Thanksgiving is approaching. As a child, this was not my most favorite holiday because I was a pain-in-the-ass-picky-eater and decided I didn’t like any of the traditional Thanksgiving food. As an adult, I love this holiday. It’s one of my favorite days to spend with Sean, whether alone or with company, to relax and enjoy spending time together.
Thanksgiving overseas comes with so many unique challenges. Our last overseas Thanksgiving was two years ago and we almost didn’t get our turkeys delivered in time. You know, the turkey we had ordered back in June that was “guaranteed” to arrive in time and almost didn’t? Yeah. That was not such a great week.

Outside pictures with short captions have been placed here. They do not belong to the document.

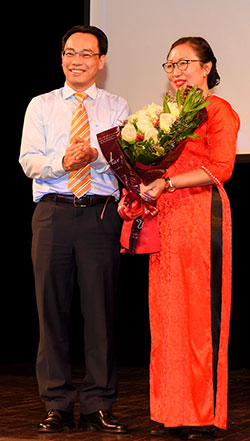 © privat; Frau Dr. Phung Lan Huong mit Prof. Hoang Minh Son, Rektor der HUST und ebenfalls TUD-Absolvent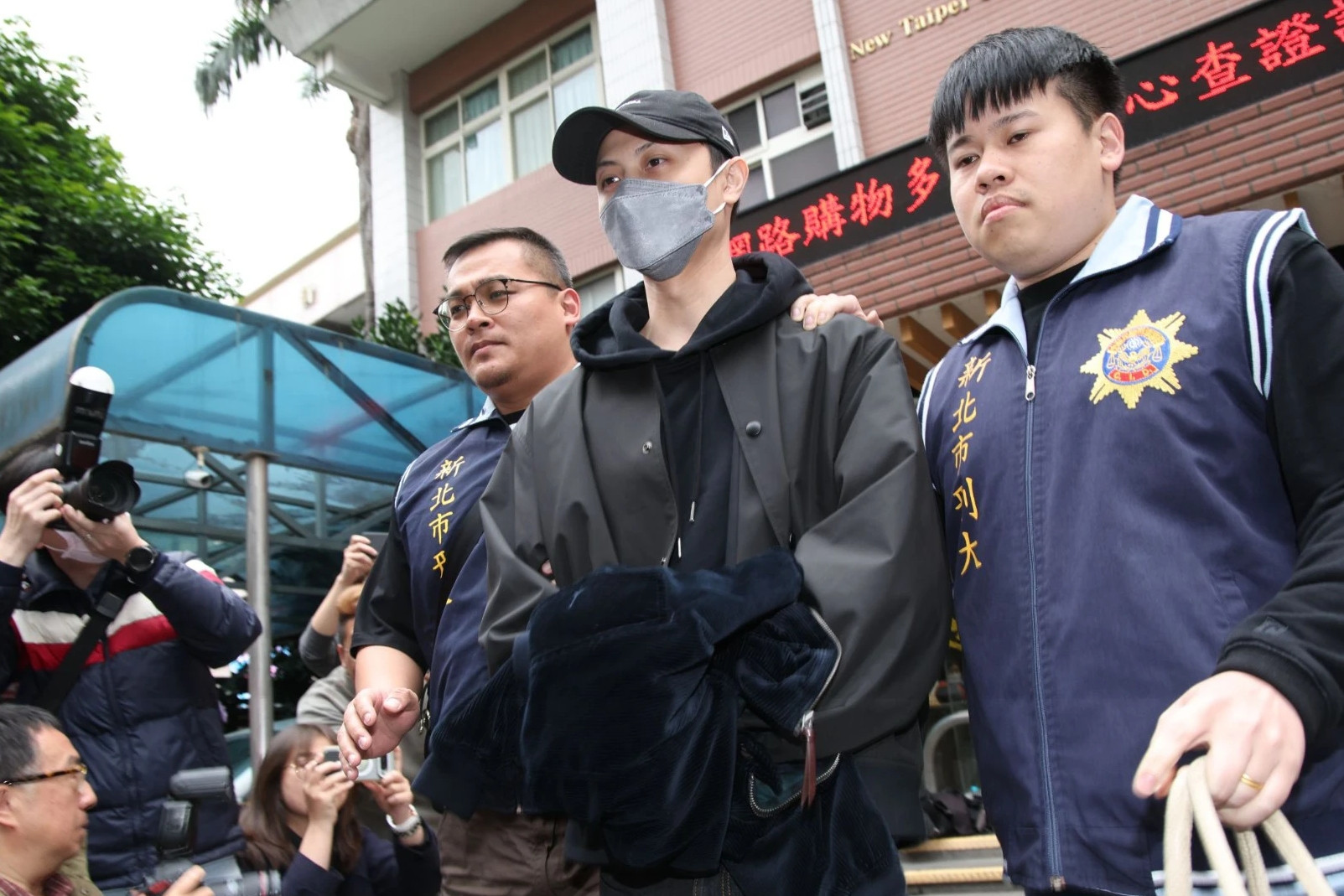 Nam ca sĩ 37 tuổi làm giả bệnh án để trốn nghĩa vụ quân sự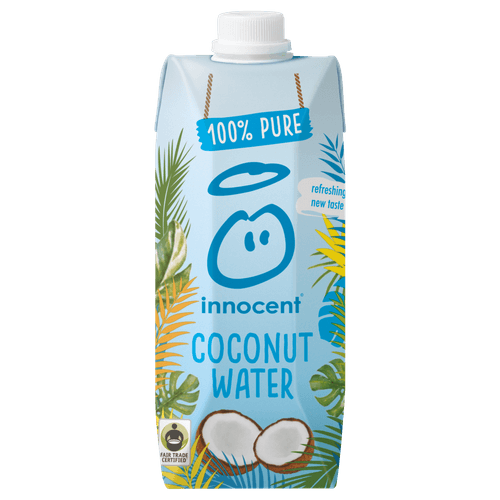 Foto van Innocent Coconut water op witte achtergrond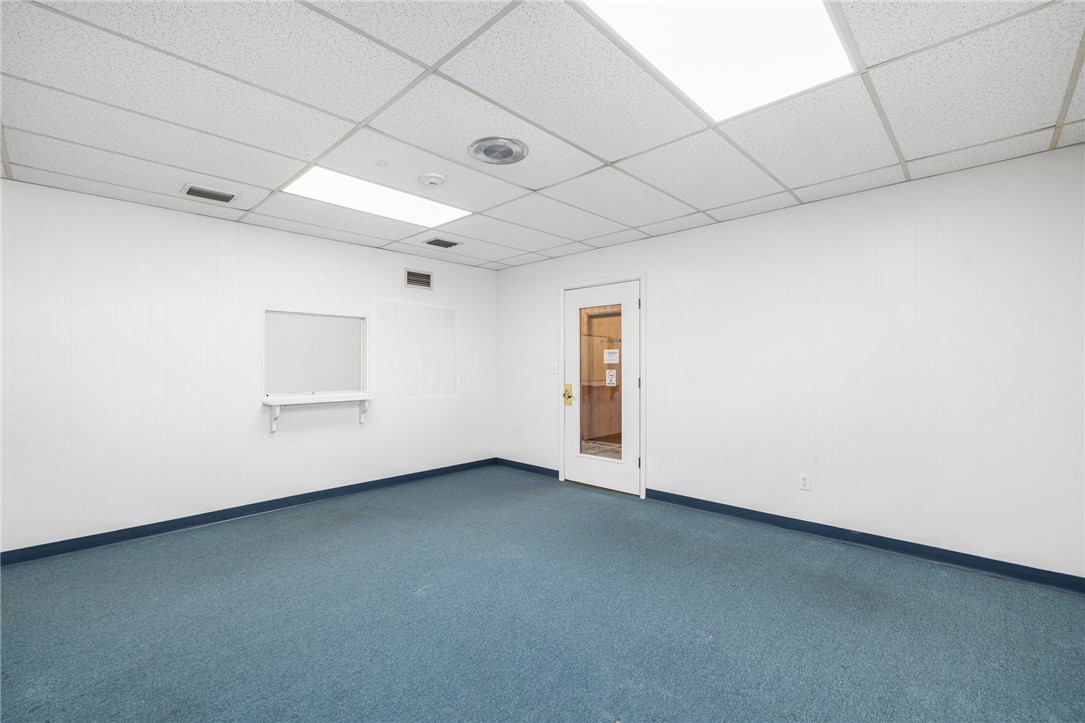 63 Eddie Dowling Highway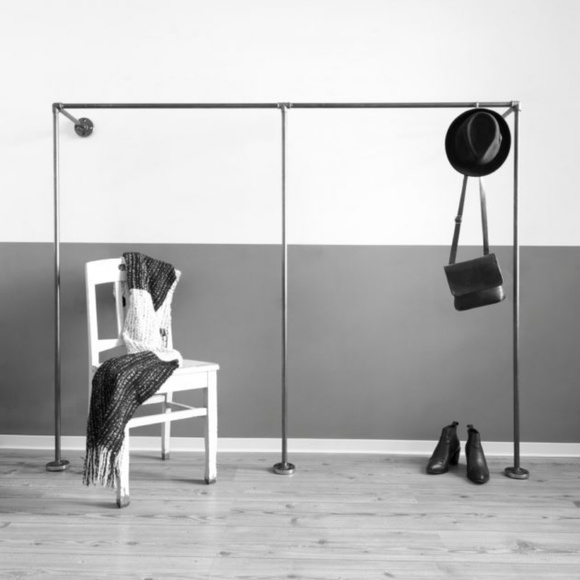 Meet your Posher, Aly - Picture 2 of 7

This year, acquiring ingredients for Thanksgiving has been easier. Tbilisi has a much better selection on the local market, and we have a glorious commissary stocked with American goodies like Oreos, cheddar cheese, tortillas, ice cream, black beans, and pumpkin pie filling. Not that I purchased all of those items for Thursday, but they are some of the highlights.
However, that doesn’t stop me from keeping with my old ways when it comes to overseas food habits. And with the holiday approaching, these habits have come into very clear focus. Here are a few of my favorites.

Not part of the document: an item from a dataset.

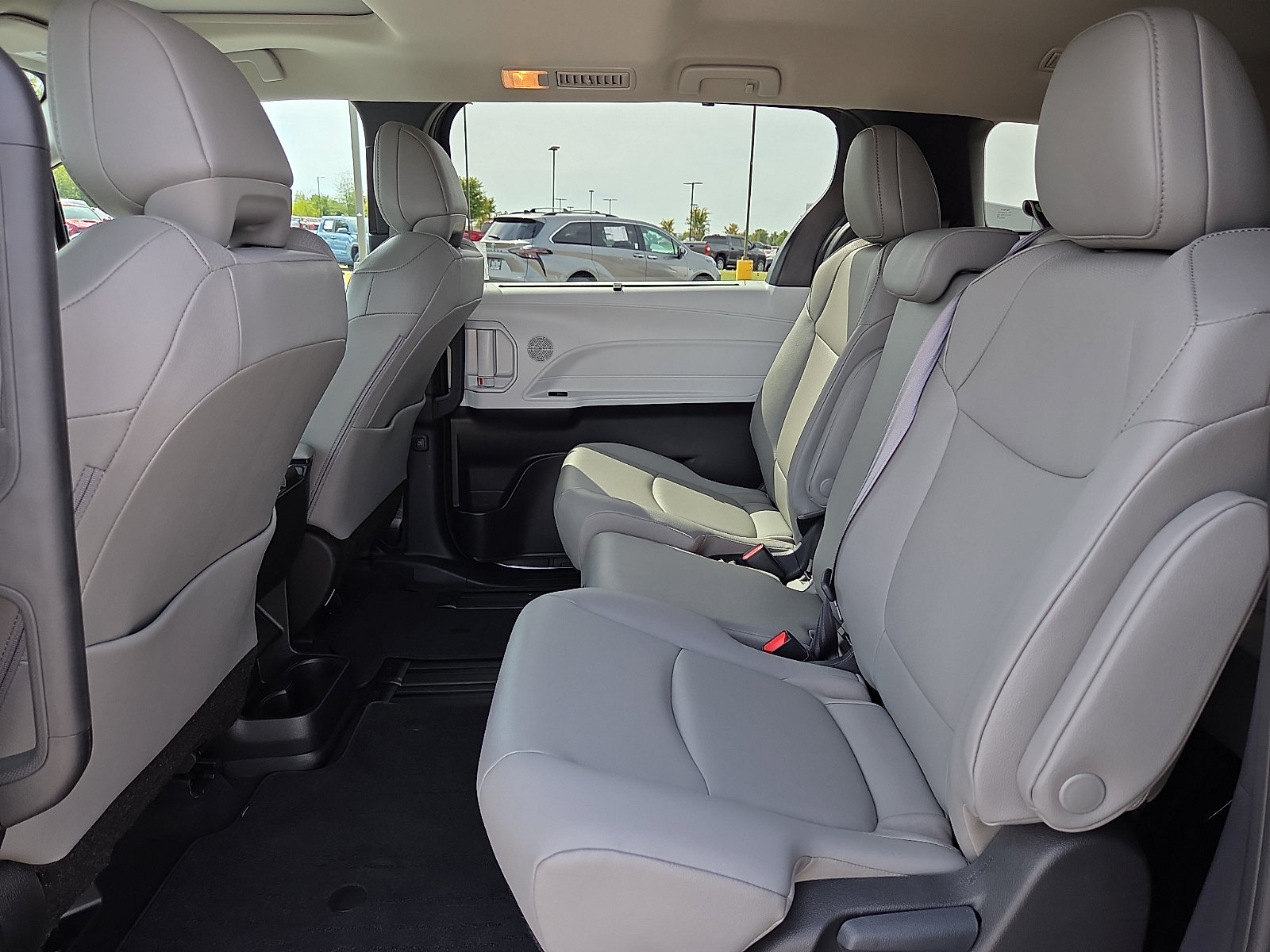 Used 2025 Toyota Sienna XLE FWD image 11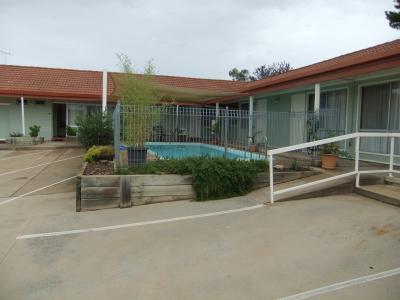 Country Comfort Cowra Countryman Motor Inn - Accommodation Main Beach 3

In Dushanbe especially, the selection of products on the local economy was very unstable. Something would be available one day and gone the next. It was common practice to buy as much as you could of your favorite products when you saw them. I once drove halfway across town during my lunch break to buy fresh asparagus. It was pretty intense.
Here, it’s a little less critical, but it doesn’t stop me from stocking up. Someone told me in passing that sweet potatoes are not always readily available. I took that to heart, and every time I went to the grocery store I bought as many as I could carry. The result is more than a little ridiculous.

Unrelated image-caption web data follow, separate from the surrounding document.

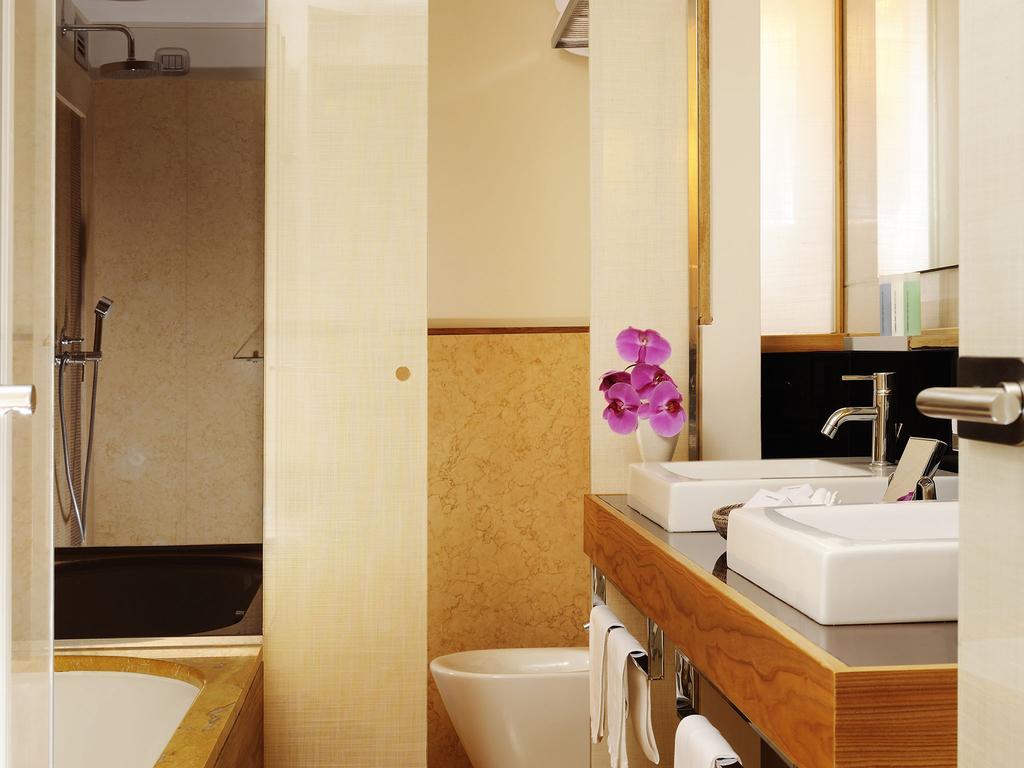 Hotel Mario De' Fiori 37 Roma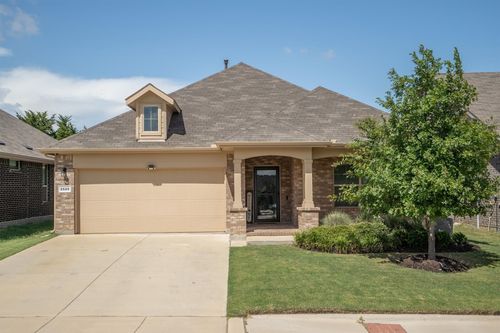 5525 Round Hill Rd, Denton, TX, 76210-2468 | Card Image
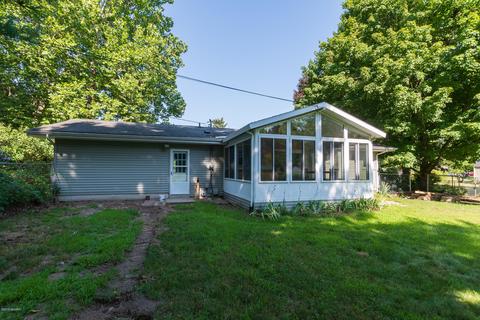 112 N Sunset St, Plainwell, MI 49080 photo 27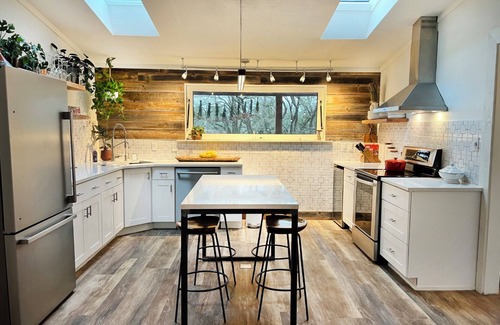 Driftwood House | Serene 11-acre retreat in Driftwood, Texas at the threshold of the Hill Country.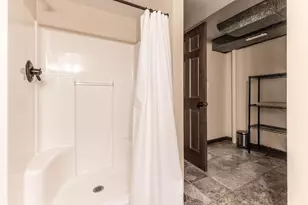 8223 Maple Ave, Gary, IN 46403 - Photo 34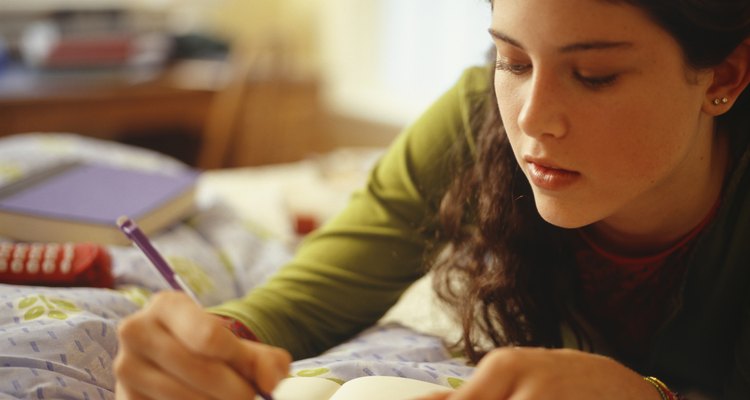 Los adolescentes pueden abordar una biografía como un apoyo para aprender cómo escribir bien.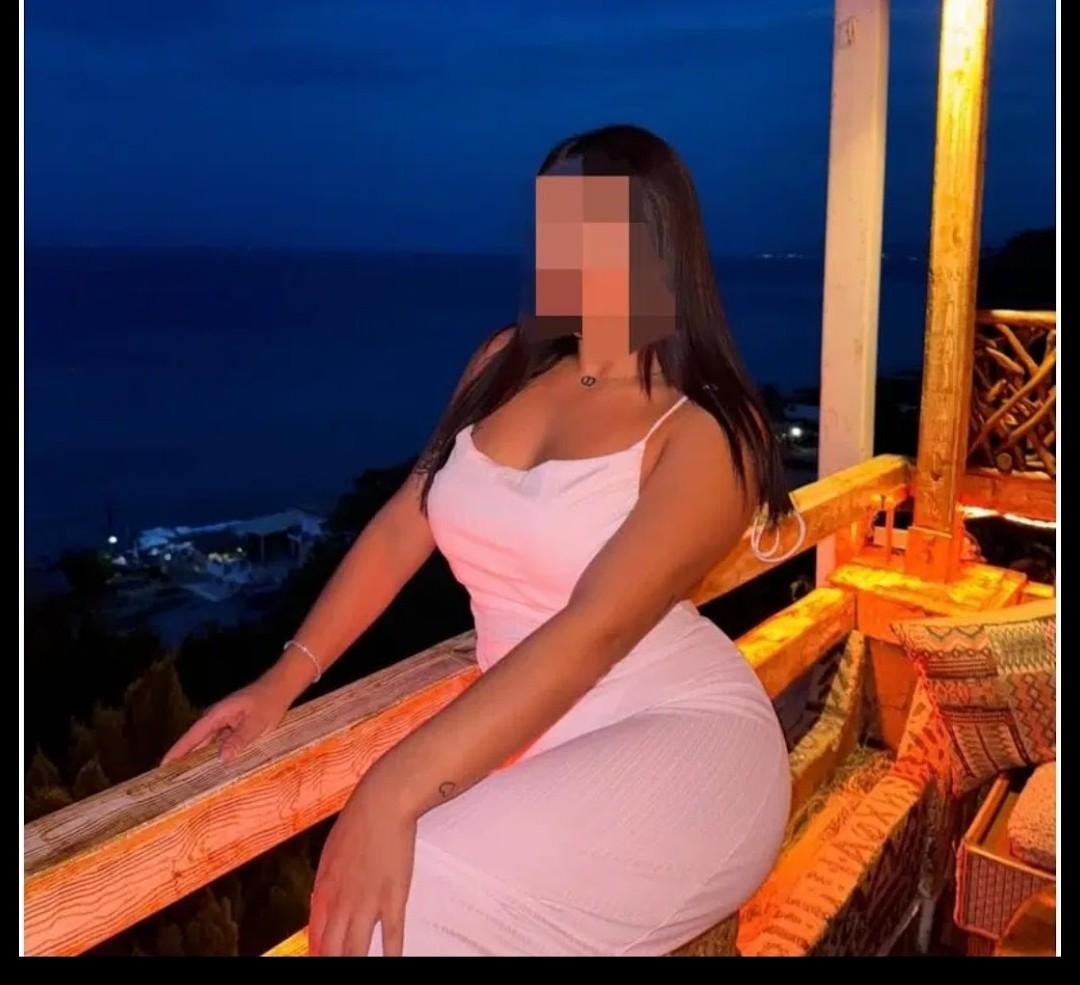 645282711: Chica busca chico en Cádiz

Yes, this is really how they are stored. I had them in a box for a while but they started sprouting. And yes, I’ve since stopped buying 7-10 each time I go shopping.
Making Things From Scratch
My latest conquest is peeling and dicing two butternut squash without 1) seriously damaging myself or others, and 2) getting frustrated and throwing it against a wall. The last time I tried to cut up my own butternut squash was probably 2013 and the end result was me splashing hot soup all over myself and the counter while screaming “THAT’S IT! WE ARE GOING OUT FOR PIZZA!”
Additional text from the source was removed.